Incorporating Proper Shading Into Your LandscapeMay 27, 2009
Everyone loves a beautifully landscaped yard. It provides a lovely, welcoming setting for your home. Many times, homeowners don’t realize that with some basic knowledge about their home and gardening, creativity and planning, their beautiful landscaping can actually save them money on their energy bills. Heat absorbed from the sun comes through your windows and roofs and can increase your air conditioner use. Incorporating shading concepts into your landscape design can help reduce this solar heat gain, reducing your cooling costs.
To use shade effectively you need to know some basics about your home and its setting. Look at the size, shape and location of the moving shadow that moves over your house during the day. You will also need to know what type of landscape strategies will work best in your regional climate and microclimate. You can go to the Energy Savers website to get this information.
Shading can reduce the surrounding air temperatures by as much as nine degrees Fahrenheit. Because cool air settles near the ground, air temperatures directly under trees can be as much as 25 degrees Fahrenheit cooler than temperatures above nearby blacktop.

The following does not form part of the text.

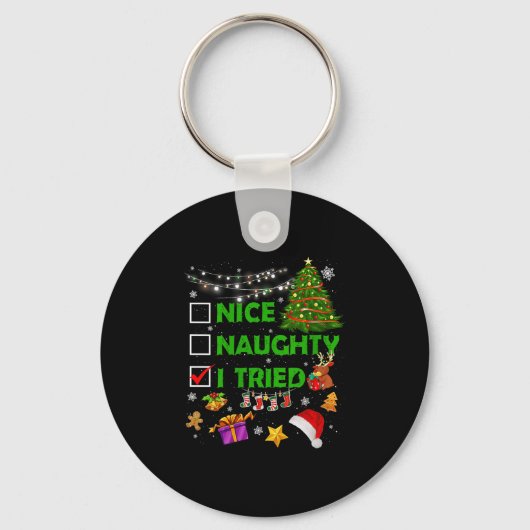 Porte-clés Nice Naughty I Tried Christmas Tree Light Funny Xm (Recto)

Selecting trees does require some know-how. Look for appropriate sizes, densities, and shapes for almost any shading application. For example use trees that lose their leaves in the fall to cool your house in the summer but allow the sun to come through in the winter for additional heating. To provide year-round shade or to block heavy or cold winds, use dense trees such as evergreens and shrubs.
It is recommended to plant slower growing trees even though it may take several years before you begin to see the shading benefits. In general, slower growing trees tend to live longer and have stronger branches, which is important in windy or snowy regions and if they are close to your home. Also, slow growing trees will be more drought resistant.
Usually, depending on the species and the home, a deciduous tree – a tree that loses its leaves in the fall – should begin shading your windows in the first year. Usually they will shade the roof in five to ten years.
An added benefit to landscaping is that trees, shrubs and groundcover will shade the ground and pavement around the home and reduces heat radiation and cools the air before it reaches your home. Shrubs around a home can also be a great barrier against hard and cold winds in the winter season. Be sure not to plant shrubs too closely to the home where wetness and humidity can become a problem. Keep a distance between the shrubs and the house to allow air to circulate to keep the home and ground around the home reasonably dry.